▶ _Exercise description_
Retype all of the data. Every line must match exactly.

▶ _Records_
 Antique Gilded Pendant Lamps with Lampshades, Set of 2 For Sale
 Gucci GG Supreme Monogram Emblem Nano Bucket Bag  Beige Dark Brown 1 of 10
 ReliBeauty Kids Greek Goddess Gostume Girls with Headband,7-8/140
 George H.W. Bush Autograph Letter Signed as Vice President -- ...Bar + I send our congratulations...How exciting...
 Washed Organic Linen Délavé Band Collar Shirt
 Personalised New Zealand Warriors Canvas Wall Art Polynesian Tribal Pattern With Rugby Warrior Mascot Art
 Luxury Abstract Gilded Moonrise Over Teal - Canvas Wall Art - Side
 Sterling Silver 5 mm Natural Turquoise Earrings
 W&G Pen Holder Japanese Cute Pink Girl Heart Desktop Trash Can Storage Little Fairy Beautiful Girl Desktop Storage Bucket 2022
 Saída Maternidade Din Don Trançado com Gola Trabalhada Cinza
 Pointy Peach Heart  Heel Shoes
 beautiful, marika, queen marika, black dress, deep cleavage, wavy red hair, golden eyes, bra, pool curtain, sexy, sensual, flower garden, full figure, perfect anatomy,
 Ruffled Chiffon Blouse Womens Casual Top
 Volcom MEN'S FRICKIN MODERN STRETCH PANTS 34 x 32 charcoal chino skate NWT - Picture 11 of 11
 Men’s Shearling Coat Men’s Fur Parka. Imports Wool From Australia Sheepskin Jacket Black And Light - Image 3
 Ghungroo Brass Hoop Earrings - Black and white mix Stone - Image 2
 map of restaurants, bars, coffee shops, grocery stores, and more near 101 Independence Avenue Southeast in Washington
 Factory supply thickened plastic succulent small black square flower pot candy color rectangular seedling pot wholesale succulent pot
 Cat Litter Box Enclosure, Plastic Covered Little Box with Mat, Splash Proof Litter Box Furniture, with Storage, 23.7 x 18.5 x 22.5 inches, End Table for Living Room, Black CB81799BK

▶ _Expected answer_
 Antique Gilded Pendant Lamps with Lampshades, Set of 2 For Sale
 Gucci GG Supreme Monogram Emblem Nano Bucket Bag  Beige Dark Brown 1 of 10
 ReliBeauty Kids Greek Goddess Gostume Girls with Headband,7-8/140
 George H.W. Bush Autograph Letter Signed as Vice President -- ...Bar + I send our congratulations...How exciting...
 Washed Organic Linen Délavé Band Collar Shirt
 Personalised New Zealand Warriors Canvas Wall Art Polynesian Tribal Pattern With Rugby Warrior Mascot Art
 Luxury Abstract Gilded Moonrise Over Teal - Canvas Wall Art - Side
 Sterling Silver 5 mm Natural Turquoise Earrings
 W&G Pen Holder Japanese Cute Pink Girl Heart Desktop Trash Can Storage Little Fairy Beautiful Girl Desktop Storage Bucket 2022
 Saída Maternidade Din Don Trançado com Gola Trabalhada Cinza
 Pointy Peach Heart  Heel Shoes
 beautiful, marika, queen marika, black dress, deep cleavage, wavy red hair, golden eyes, bra, pool curtain, sexy, sensual, flower garden, full figure, perfect anatomy,
 Ruffled Chiffon Blouse Womens Casual Top
 Volcom MEN'S FRICKIN MODERN STRETCH PANTS 34 x 32 charcoal chino skate NWT - Picture 11 of 11
 Men’s Shearling Coat Men’s Fur Parka. Imports Wool From Australia Sheepskin Jacket Black And Light - Image 3
 Ghungroo Brass Hoop Earrings - Black and white mix Stone - Image 2
 map of restaurants, bars, coffee shops, grocery stores, and more near 101 Independence Avenue Southeast in Washington
 Factory supply thickened plastic succulent small black square flower pot candy color rectangular seedling pot wholesale succulent pot
 Cat Litter Box Enclosure, Plastic Covered Little Box with Mat, Splash Proof Litter Box Furniture, with Storage, 23.7 x 18.5 x 22.5 inches, End Table for Living Room, Black CB81799BK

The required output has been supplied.